• Data to use:
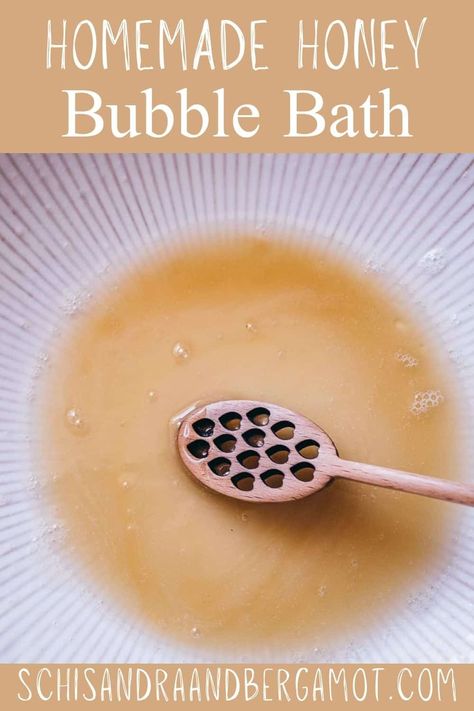 Honey Bath Soak, Bubble Bath Recipe, Homemade Bubble Bath, Bath Recipes Diy, Bath Tea Recipe, Bath Bomb Recipe Easy, Diy Bubble Bath, Beeswax Recipes, Natural Bubble Bath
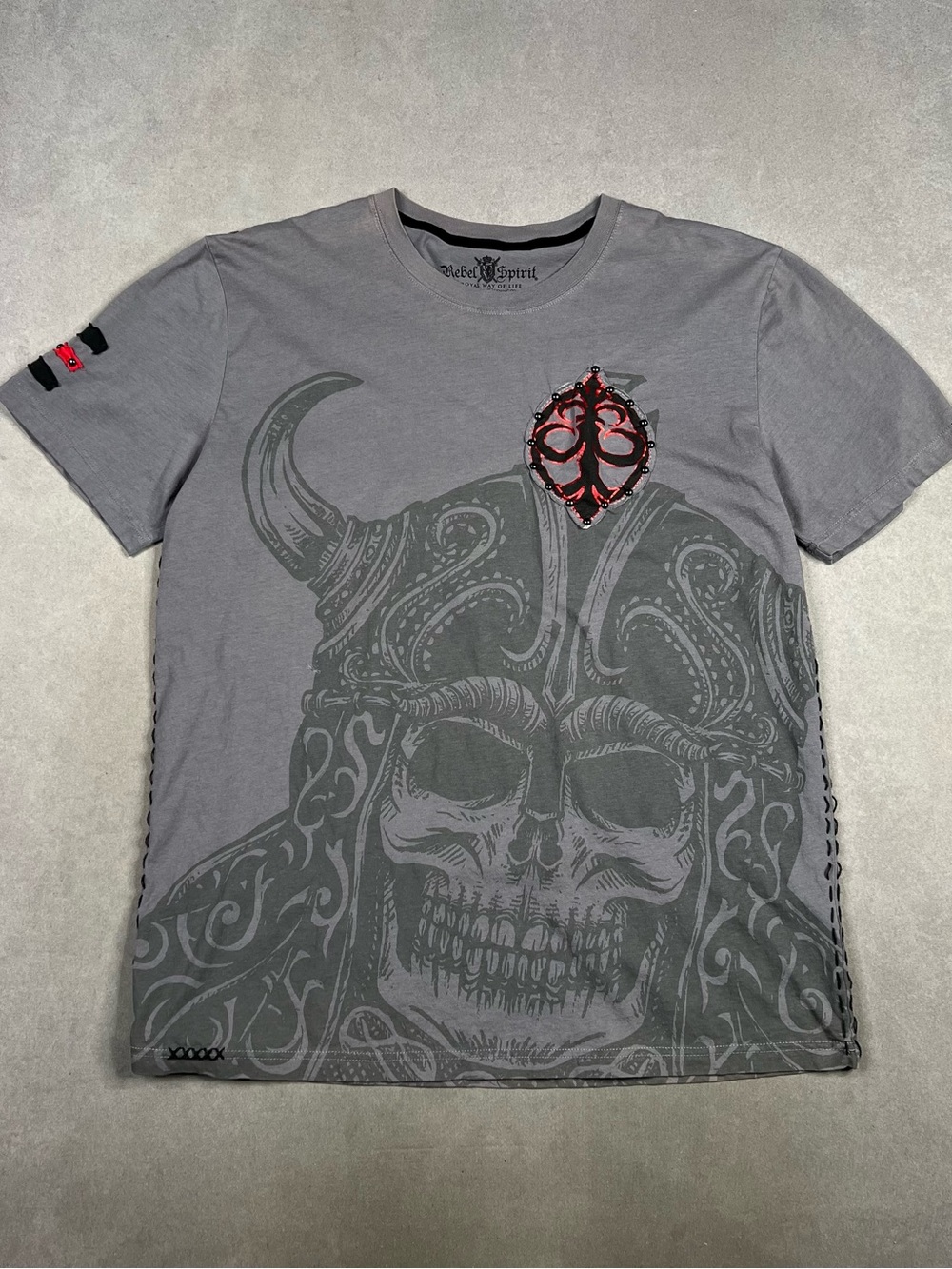 Rebel Spirit Gray Short-Sleeve Tee with Viking Skull Graphic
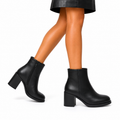 Stivaletto in simil pelle con tacco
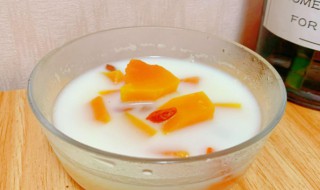 木瓜和牛奶榨汁苦了能喝吗 木瓜和牛奶榨汁苦了能喝吗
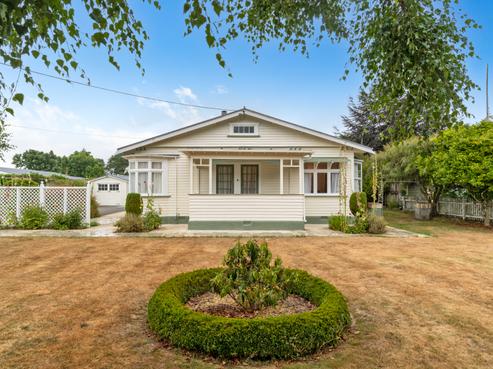 18 Kuratawhiti Street, Greytown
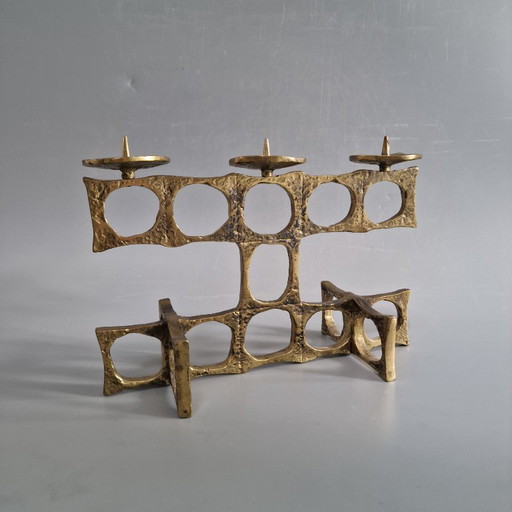 Chandelier vintage en métal. Chandelier brutaliste. Heinz Goll. Autriche, Mid Century. Couleur or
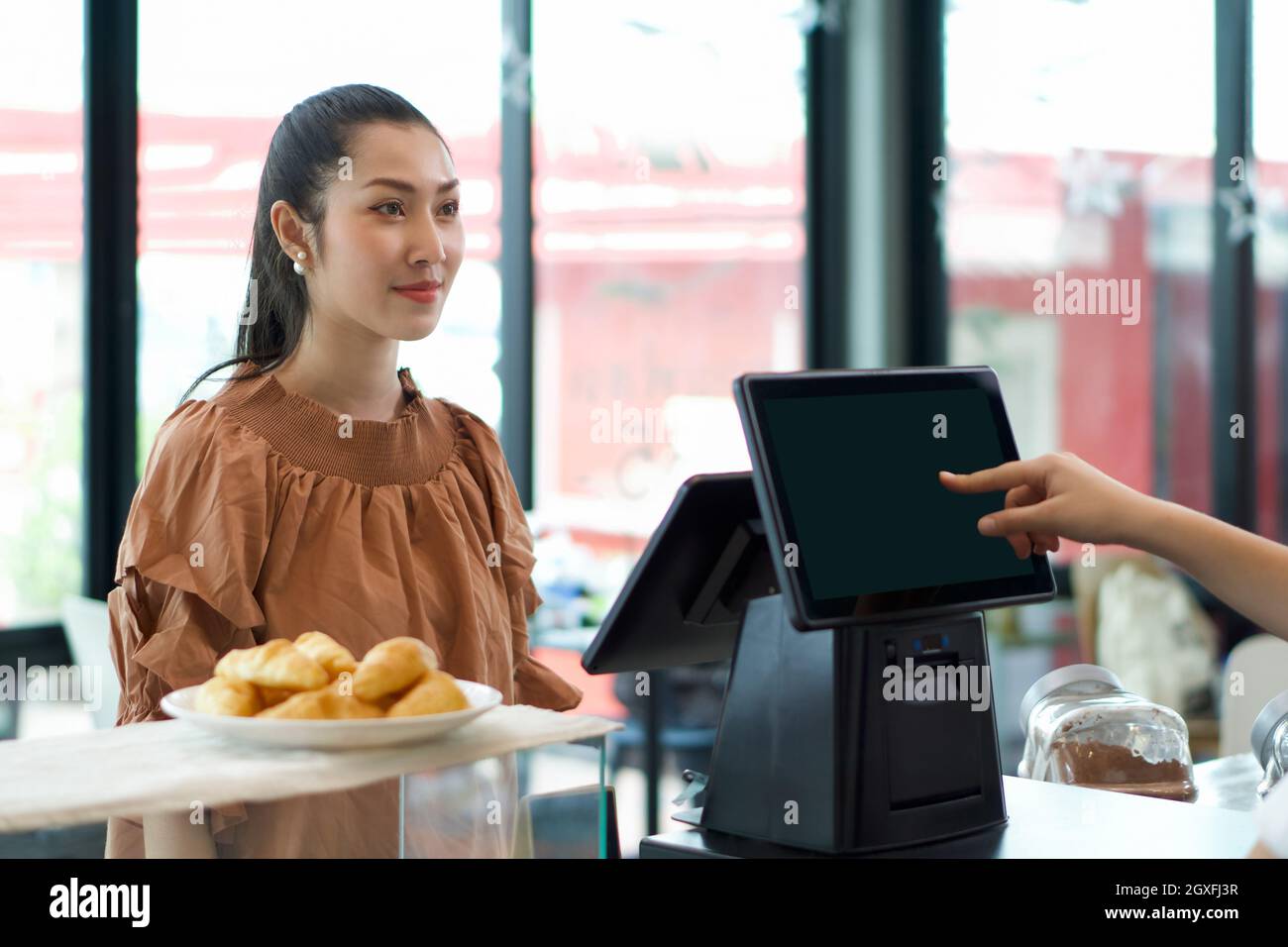 Garçom atendendo cliente com tablet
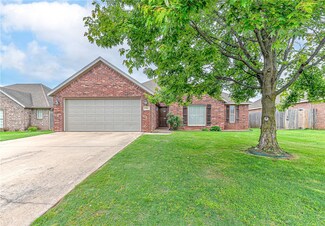 6004 S 36th St, Rogers, AR 72758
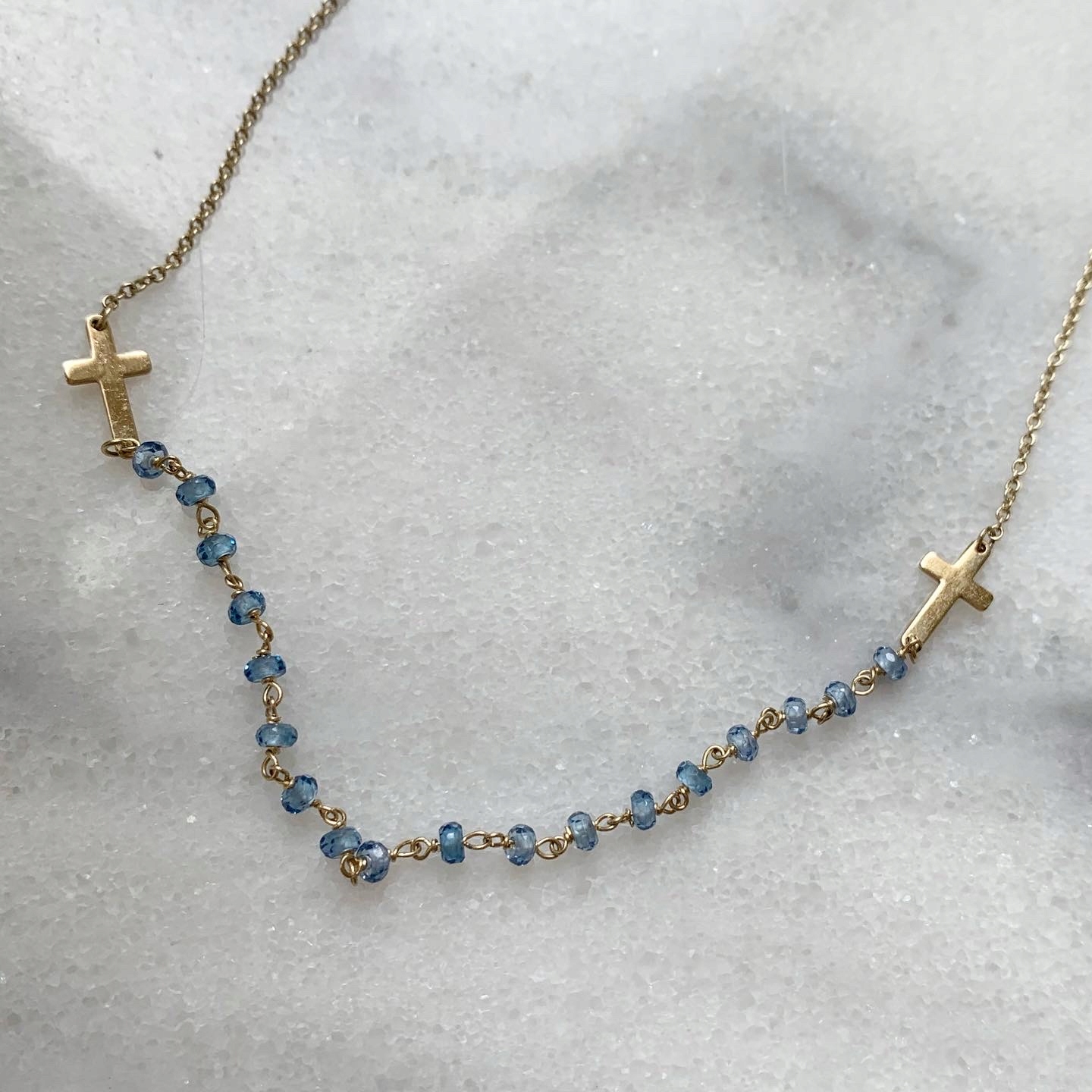 Zlatý ruženec dva krížiky a Blue Quartz 585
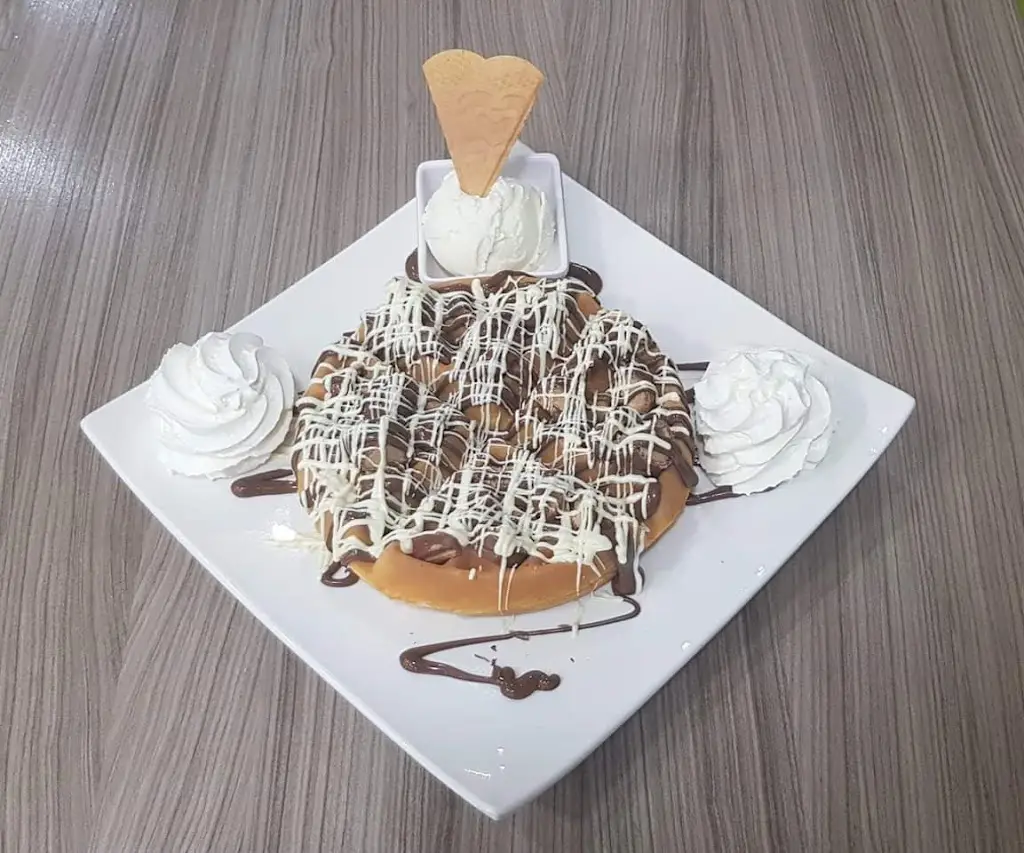 Menu_Lickilicious Candy Lounge_Whitburn_image_5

• Exercise:
Copy out the data exactly and keep the pictures out.

• Response:
 Honey Bath Soak, Bubble Bath Recipe, Homemade Bubble Bath, Bath Recipes Diy, Bath Tea Recipe, Bath Bomb Recipe Easy, Diy Bubble Bath, Beeswax Recipes, Natural Bubble Bath
 Rebel Spirit Gray Short-Sleeve Tee with Viking Skull Graphic
 Stivaletto in simil pelle con tacco
 木瓜和牛奶榨汁苦了能喝吗 木瓜和牛奶榨汁苦了能喝吗
 18 Kuratawhiti Street, Greytown
 Chandelier vintage en métal. Chandelier brutaliste. Heinz Goll. Autriche, Mid Century. Couleur or
 Garçom atendendo cliente com tablet
 6004 S 36th St, Rogers, AR 72758
 Zlatý ruženec dva krížiky a Blue Quartz 585
 Menu_Lickilicious Candy Lounge_Whitburn_image_5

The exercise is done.